Gustavo Coutinho relatou que ao chegar à casa do principal suspeito, a equipe da DH descobriu a moto no local, já desarmada.
“O rastreador foi retirado da moto, assim como as peças. Com isso, o mandante e um amigo que estava na residência foram trazidos para a delegacia e começamos o interrogatório. Eles entraram em várias contradições e acabamos descobrindo toda a farsa que eles tinham feito com o matador para subtrair essa moto.”
Ex-proprietário queria a moto de volta
As investigações revelaram que o mandante vendeu a motocicleta, uma Titã 125 vermelha, à vítima, pelo valor de R$ 10 mil de entrada, e Rafael assumiria o restante das prestações do bem.
Após um período, o mandante decidiu comprar uma XRE seminova, mas logo se arrependeu, e queria a Titã de volta, mas para isso teria que devolver os R$ 10 mil da entrada a Rafael.
“Ao invés de devolver os R$ 10 mil, ele teve outra ideia com o amigo: de armarem um plano para atrair a vítima, executá-la, pegar a moto de volta, e como já estava no nome dele, iria rodar normalmente com a moto sem precisar pagar o dinheiro de volta à vítima.”
Para despistar a polícia, o mandante planejou que iria aguardar um tempo até que o crime ‘esfriasse’. Até lá, a moto ficaria desmontada e guardada. Já o chassi, seria jogado em algum ponto da cidade.
“A polícia iria encontrar esse chassi, levar para a delegacia e ele se apresentaria depois dizendo ser o proprietário da moto. Pegaria o chassi de volta e ficaria novamente rodando com a moto, de forma legal.”
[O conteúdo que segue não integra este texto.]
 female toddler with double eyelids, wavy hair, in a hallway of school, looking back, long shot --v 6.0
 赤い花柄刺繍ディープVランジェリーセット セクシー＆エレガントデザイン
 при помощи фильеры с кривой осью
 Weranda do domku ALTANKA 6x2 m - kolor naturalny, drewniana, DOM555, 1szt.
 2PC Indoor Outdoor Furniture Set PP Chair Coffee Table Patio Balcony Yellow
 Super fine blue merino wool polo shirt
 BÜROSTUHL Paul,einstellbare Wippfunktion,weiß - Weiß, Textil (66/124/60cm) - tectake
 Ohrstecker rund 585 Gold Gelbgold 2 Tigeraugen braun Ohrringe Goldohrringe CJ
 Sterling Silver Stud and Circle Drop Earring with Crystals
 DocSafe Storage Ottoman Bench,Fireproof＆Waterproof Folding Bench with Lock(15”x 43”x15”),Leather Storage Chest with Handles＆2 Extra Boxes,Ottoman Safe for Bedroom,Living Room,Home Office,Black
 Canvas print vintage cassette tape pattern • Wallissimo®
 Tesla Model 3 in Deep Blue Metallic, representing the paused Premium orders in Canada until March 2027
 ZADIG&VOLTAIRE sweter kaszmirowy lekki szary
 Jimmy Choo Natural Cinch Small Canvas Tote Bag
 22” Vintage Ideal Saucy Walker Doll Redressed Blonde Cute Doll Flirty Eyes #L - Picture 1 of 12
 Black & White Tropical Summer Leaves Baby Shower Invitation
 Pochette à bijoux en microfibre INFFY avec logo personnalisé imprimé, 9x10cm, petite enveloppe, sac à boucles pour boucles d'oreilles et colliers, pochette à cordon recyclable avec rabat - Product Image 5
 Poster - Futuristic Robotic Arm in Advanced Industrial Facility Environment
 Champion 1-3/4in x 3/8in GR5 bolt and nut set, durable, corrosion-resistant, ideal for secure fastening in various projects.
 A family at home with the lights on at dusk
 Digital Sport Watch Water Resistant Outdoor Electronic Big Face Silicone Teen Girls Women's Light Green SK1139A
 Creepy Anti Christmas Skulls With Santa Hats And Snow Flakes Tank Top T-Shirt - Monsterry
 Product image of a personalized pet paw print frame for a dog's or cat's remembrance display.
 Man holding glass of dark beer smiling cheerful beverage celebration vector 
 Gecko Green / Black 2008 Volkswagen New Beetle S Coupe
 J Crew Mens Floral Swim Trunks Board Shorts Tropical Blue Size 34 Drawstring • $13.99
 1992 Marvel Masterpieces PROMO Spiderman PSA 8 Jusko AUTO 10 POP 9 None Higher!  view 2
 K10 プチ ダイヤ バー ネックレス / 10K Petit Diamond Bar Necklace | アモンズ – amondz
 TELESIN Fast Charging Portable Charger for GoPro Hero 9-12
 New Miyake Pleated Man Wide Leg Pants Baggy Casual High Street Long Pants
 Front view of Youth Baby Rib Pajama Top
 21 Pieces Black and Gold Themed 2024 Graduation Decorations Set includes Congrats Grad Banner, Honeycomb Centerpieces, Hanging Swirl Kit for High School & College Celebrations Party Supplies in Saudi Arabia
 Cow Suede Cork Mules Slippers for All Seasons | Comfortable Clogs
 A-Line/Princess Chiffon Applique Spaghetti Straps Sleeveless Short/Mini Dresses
Mandante contratou matador por R$ 3 mil
Para dar prosseguimento ao plano, o antigo proprietário da moto contratou um matador, pelo valor de R$ 3 mil.
“Ele atraiu a vítima para a Mantiba e já tinha contratado um matador. Com o lucro que ele teria com esses R$ 10 mil, ele ia dividir entre ele, o matador e o amigo. Todos confessaram e os três indivíduos foram autuados em flagrante. A arma utilizada no crime ainda foi encontrada, assim como o quarto envolvido no crime, que está foragido. Sabemos que é um calibre 38. Estamos em diligência para efetuar a prisão e recuperar duas armas e tentar recuperar também o celular da vítima, que foi descartado, um iPhone e tentar ver se tem mais pessoas envolvidas nesse caso”, detalhou Coutinho.
Vítima desconfiou da emboscada
Enquanto seguia para a Mantiba com os suspeitos, o moto Uber desconfiou que seria assassinado.
“Antes da vítima morrer, ele desconfiou que estava sendo levado para uma emboscada, tirou uma foto da moto do mandante e mandou para um amigo. Com isso, familiares entraram em contato com a delegacia e informaram sobre essa filmagem. Entramos em contato com a empresa de monitoramento, já que a vítima estava monitorada com rastreador e vimos todo o caminho por onde a ele tinha circulado, e a última localização foi nas proximidades da casa do autor. Tudo bateu e indicou para que o proprietário fosse o autor desse crime bárbaro.”
Todos os envolvidos serão responsabilizados, reiterou o delegado. O crime será tipificado como latrocínio, porque a motivação maior foi a ganância por dinheiro, com a subtração do objeto.
“O matador praticou o crime por causa de R$ 3 mil; o antigo dono, para ter sua moto de volta. Aí você vê como se banalizou a vida. Rafael era pai de família, uma pessoa trabalhadora, e por ganância foi assassinado. O atirador estava na garupa do matador.”